Theresa May has urged more than three million European Union nationals living in Britain to stay in the country after Brexit.
Recognising the “underlying anxiety” that Brexit has caused, the British Prime Minister said she was “delighted” that their rights would be protected under a deal with the EU on “divorce” issues dealt with in the first phase of exit negotiations.
Mrs May was “proud” that the EU citizens choose to live in the UK, adding in an open letter: “I greatly value the depth of the contributions you make – enriching every part of our economy, our society, our culture and our national life.
“I know our country would be poorer if you left and I want you to stay.”
She assured EU citizens their rights would be written into UK law through a Withdrawal Agreement and Implementation Bill which would be brought forward “after we have completed negotiations on the Withdrawal Agreement itself”.
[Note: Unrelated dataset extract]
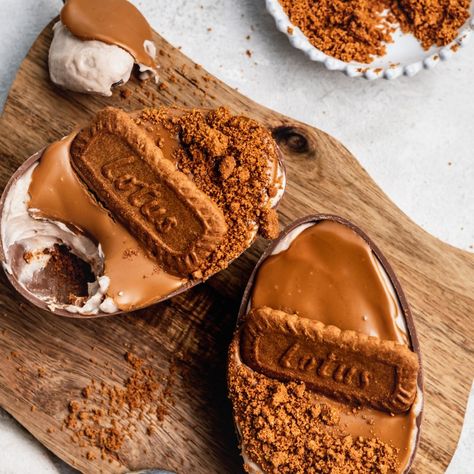 Biscoff Easter Egg Cheesecake, Cheesecake Easter Egg, Baking Flatlay, Biscoff Protein, Easter Egg Cheesecake, Easter Bakes, Cadbury Easter Eggs, Filled Easter Eggs, Easter Cheesecake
They will then be enforced by the domestic courts with oversight from the European Court of Justice, whose authority UK judges can consult over rights disputes for eight years after withdrawal.
And from the second half of next year there will be a “transparent, smooth and streamlined” process to apply for settled status that will cost no more than a passport, which is £72.50 for a standard adult version.
Mrs May went on: “So right now, you do not have to do anything at all. You can look forward, safe in the knowledge that there is now a detailed agreement on the table in which the UK and the EU have set out how we intend to preserve your rights – as well as the rights of UK nationals living in EU countries.
“For we have ensured that these negotiations put people first. That is what I promised to do and that is what I will continue to do at every stage of this process.
“I wish you and all your families a great Christmas and a very happy New Year.”
A joint report published by the EU Commission on Friday outlined that EU citizens in the UK will be allowed to continue to live, study and work under the same conditions as current EU law.
Negotiators also pledged that Britain’s finalised divorce deal would protect the rights of those who are yet to be granted permanent residency in the UK so that they could still acquire it after withdrawal.
The deal will include reunification rights for relatives, including spouses, parents, grandparents, children and grandchildren, who do not live in the UK, to join them in the future and will extend to future spouses or partners of EU citizens even if they are not yet together as of the end of any transitional period after withdrawal.
The guarantees outlined in the document will also apply to UK citizens living in countries within the union. Bulgarian prime minister Boyko Borissov said he would raise the issue of citizens’ rights during talks with Mrs May in Number 10.
“We will have the opportunity to speak about Bulgarian representatives who have been residing in Great Britain for over five years, about preserving and maintaining their lifestyle in spite of Brexit obviously taking place,” he said as he met the Prime Minister in Downing Street.